Gemäss Kreisschreiben Nr. 32 «Sanierung von Kapitalgesellschaften und Genossenschaften» der Eidg. Steuerverwaltung (EStV) vom 23. Dezember 2010 (KS 32 EStV) ist eine Kapitalgesellschaft im Sinne der Gewinnsteuer sanierungsbedürftig, wenn eine echte Unterbilanz vorliegt, das heisst, wenn Verluste bestehen und die Kapitalgesellschaft über keine offenen und/oder stillen Reserven verfügt, welche die ausgewiesenen Verluste abdecken.

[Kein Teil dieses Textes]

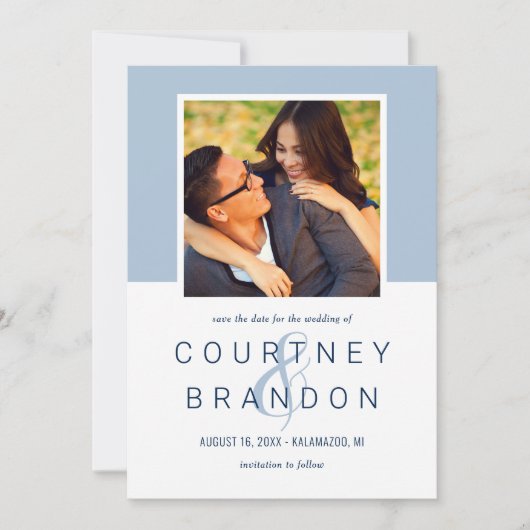 モダンなダスティーブルーのカラーブロック写真 ウェディング セーブザデート (正面)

Da für das KS 32 EStV eine betriebswirtschaftliche Betrachtungsweise gilt, sind stille Reserven auf Aktiven und Passiven in die Beurteilung der steuerrechtlich anerkannten Sanierungsbedürftigkeit miteinzubeziehen.

Das Bundesgesetz über die Stempelabgaben (StG) stellt im Rahmen der Emissionsabgabe zur Feststellung einer Sanierungsbedürftigkeit hingegen ausschliesslich auf das Gesellschaftsrecht ab:

Nach Art. 6 Abs. 1 lit. j StG muss eine Kapitalgesellschaft einen hälftigen Kapitalverlust im Sinn von Art. 725 Abs. 1 OR aufweisen. Dieser liegt vor, falls die Hälfte des Grundkapitals sowie der gesetzlichen Reserven gemäss letzter Jahresrechnung nicht mehr gedeckt sind.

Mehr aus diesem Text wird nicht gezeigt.